In der Bochumer-Aufführung (siehe hier) hatte man es folgendermaßen geregelt: die Bühne war rund und befand sich – etwa 1,50 m erhöht – in der Mitte des rechtwinkligen Saales, auf drei Seiten von Zuschauerreihen umringt. Unmittelbar am Bühnenrand standen Einzelstühle, die von den Schauspielern als Stufe zur Bühne benutzt wurden, hier war aber zu Anfang auch der Platz der Hexen, die ihre Verse auf die Szene fauchten. Beim Gastmahl aber wurde die Bühne zum Tisch, sie war mit einem riesigen Tischtuch bedeckt und mit einem großen runden Loch in der Mitte versehen, was sich erst zeigte, als darin am Ende alles verschwand,das Tuch und was sich darauf befand, zu allerletzt die Königskrone.
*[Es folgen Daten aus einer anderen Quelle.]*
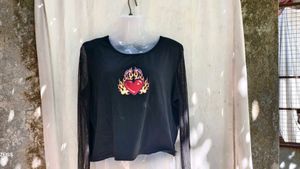 21279. Black Heart Flame Graphic Long Sleeve Top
Die Bochumer Macbeth-Bühne (prinz regent theater 2014/15):
Sitzplan und Innenraum im Globe Neuss HIER
Im Neusser Globe führte ein Auftrittsgang für die Darsteller vom Haupteingang quer durch den Zuschauerraum zur Mitte der Bühne, beim Gastmahl verwandelte sich imaginär der ganze Raum samt Zuschauern in den Festsaal, durch den einzelne Schauspieler mit Tabletts wanderten, als verteilten sie Getränke. Und der furchterregende Geist des Banquo agierte in Gestalt des echten Schauspielers erhöht in der Mitte des Raumes und verfolgte Macbeth von dort bis auf die Bühne. – Vanessa Schormann:
Für die in der Shakespearschen Dramaturgie angelegte Interaktion mit den Zuschauern muss der Spieler in direktem Kontakt zum Publikum treten. Die architektonischen Gegebenheiten des elisabethanischen Theaters helfen dabei, denn hier ragt die leere Bühne in den Zuschauerraum hinein und wird an drei Seiten vom Publikum umgeben. Da es […] keine künstlichen Lichtquellen gab, wurde am Nachmittag bei Tageslicht gespielt – jeder konnte jeden sehen.
Diese Tatsache baut Shakespeare in seine szenische Dramaturgie mit euin, er macht den Zuschauer zum Partner des Spielers. Auch in Macbeth wird das Publikum von den einzelnen Charakteren immer wieder angesprochen, nicht nur in den Monologen, in denen sich die Figuren direkt ans Publikum wenden und es teilhaben lassen an einer Innenschau ihrer Gedanken. Grundsätzlich teilt Shakespeare dem Publikum im Spiel unmerklich verschiedene Rollen zu. Der Zuschauer wird unter andere, zum Vertrauten, Mittäter, Mitwisser oder Gegner. Mit den Figuren gemeinsam erlebt er deren Aufstieg und Fall, deren Ängste, Sorgen und Hoffnungen und wird stets unmittelbar ins geschehen hineingezogen. Durch seine aktive Teilnahme am Geschehen spendet der Zuschauer dem Schauspieler zusätzliche Energie.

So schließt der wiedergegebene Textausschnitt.